十三のパチンコ屋で勝ったあと、ひさしぶりに風俗に行こうと、歩いて淀川の橋を渡り、茶屋町を過ぎ、兎我野町にたどり着く、という始まりは、近所感が強すぎて、すんなり世界に入っていけました。
そこで一番高い風俗嬢にハマってしまい、パチンコだけでは追いつかず闇金に手を出してバックレているうちに、昔世話になったヤクザの親分につかまって借金の肩代わりに違法な仕事を請け負うはめに。
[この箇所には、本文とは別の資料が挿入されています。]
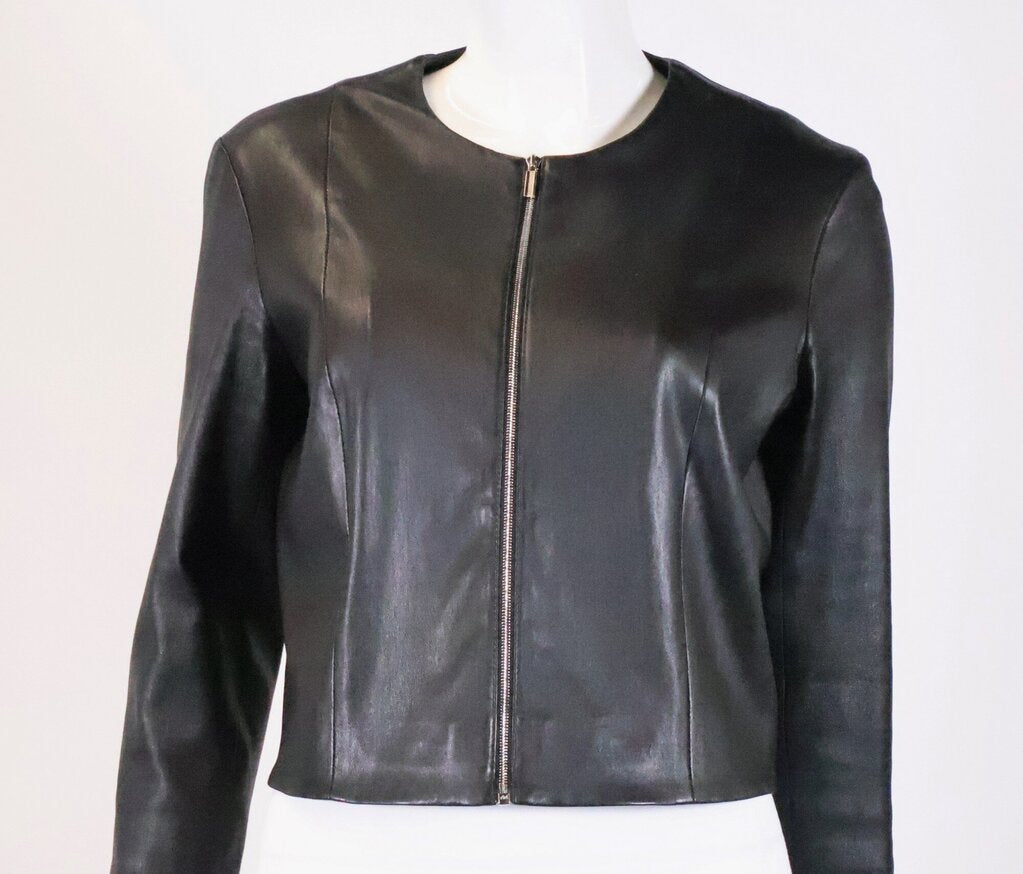 Black Round Neck Leather Jacket (M)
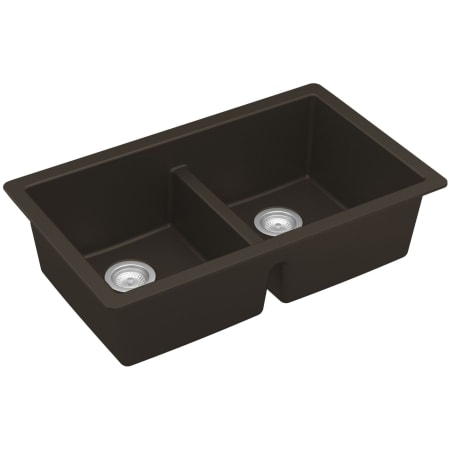 Karran USA 32" Undermount Double Equal Bowl Quartz/Granite Kitchen Sink Brown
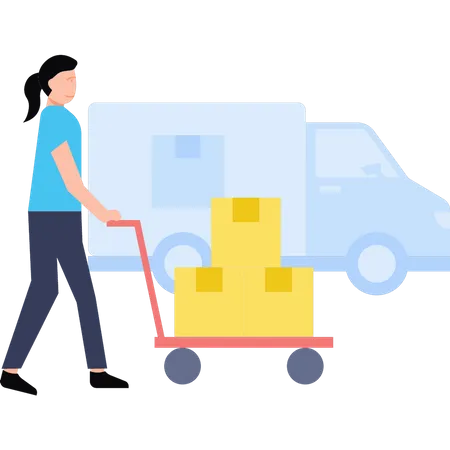 Warehouse worker loading shipment  Illustration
そうこうしているうちに抗争に巻き込まれ命を狙われるようになり……。
というサスペンス要素を含んだ内容で、大阪弁のやりとりも面白く読み進めていたのですが、最後に主人公がゲイだとわかった瞬間にひっくり返ってしまいました。
中学生のときにそれがばれるのが嫌で同級生をレンガで殴って少年院送りになった、という伏線を鑑みると、そこまで思いつめるほど、ガチでゲイだったということになります。だったら、しょっぱなから風俗で働いている女の子にハマるわけないじゃーん、と今までのリアリティが吹っ飛んでいった気分です。しかも、その女性は物語のカギを握る重要な人物として描かれています。
ねえ、ノンケで良かったんじゃない?
過去のトラウマを「クローゼットのゲイ」にしてしまうアイデアはいいとしても、それだったら今はハッテン場に行っているでしょう、35歳。
やるせない無理解です。ヤクザのリアリティはわかりませんが、ホモのリアリティは感じられませんでした。
どちらの本も、あくまで私の見立てですが、「ゲイ」が都合よく使われている印象でした。それにしても、新人から大家まで、題材に使わずにはいられないほどのブームのようです。